I was able to squeeze in about 1.5 hours of viewing this morning just as the moon set and before the sun rose. My main subject was M51, the Whirlpool Galaxy, in Ursa Major. Unfortunately there was still a good bit of moon light in the sky so I’ll I definitely want to revisit this one for the best possible view. That said, it was still pretty dark and the view was quite nice, I just know it will be better with darker skies.
Even with the lighter sky I believe I was able to make out a hint of the spiral structure. M51 is not alone though, it has a neighbor galaxy, NGC 5195, with which it has been interacting for hundreds of millions of years. In fact it is believed that it is due to these interactions with NGC 5195 that the the spiral structure of M51 is so pronounced. Quite a pair!

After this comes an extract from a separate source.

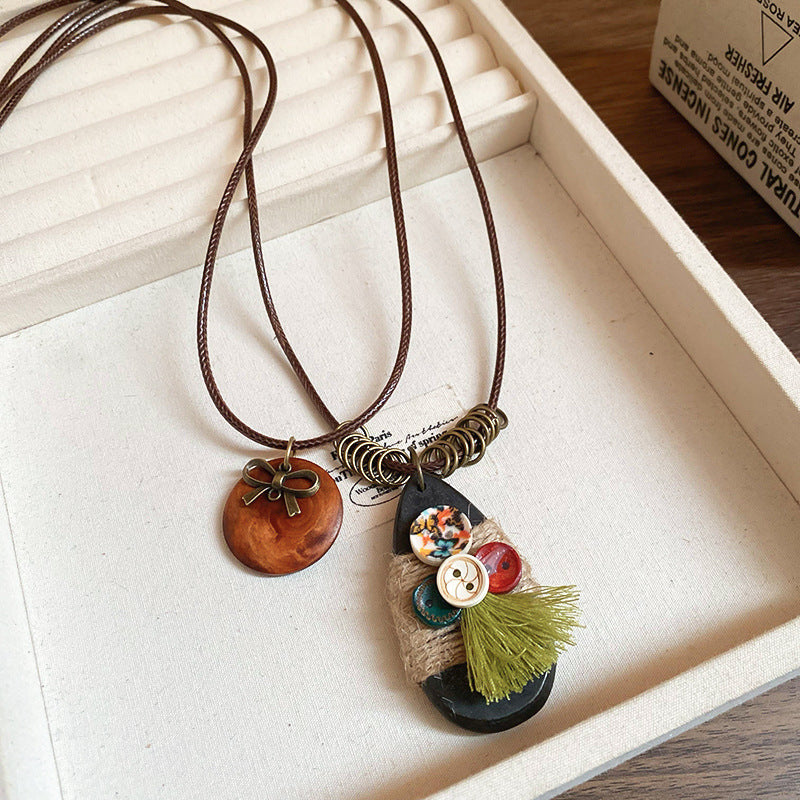珍珠花朵墜飾復古項鍊－9#項鍊-咖色-花朵款細節｜https://igowo.tw/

In addition to the Whirlpool Galaxy I also got a look at two other Messiers, M89 and M90. I’ll definitely revisit both of those when skies are darker. A bonus, the above mentioned NGC 5195 is a member of the Herschel 400! That brings me to 92 of 110 Messier objects and 112 of the 400 Herschels. Not to bad for just over two months of viewing!
Three months ago I would have told you that my brand new 8″ Dobsonian telescope would be all I would need. Well, I can tell you, that as much as I enjoy the views that this scope provides, I am excited about someday seeing these objects with a 16″ scope. So much of what is now a hint of structure will be far more obvious with a larger scope. That said, I’m happy to have started with the 8″ and know that many people use such a scope for many years. It’s good to know what is possible with this aperture and, in fact, learning to star hop with it has been a joy, viewing the faint fuzzies with it has required time and effort. I feel like I am earning my way to the next step and will, no doubt, more fully appreciate the better views of the larger scope when the time comes because of my starting point.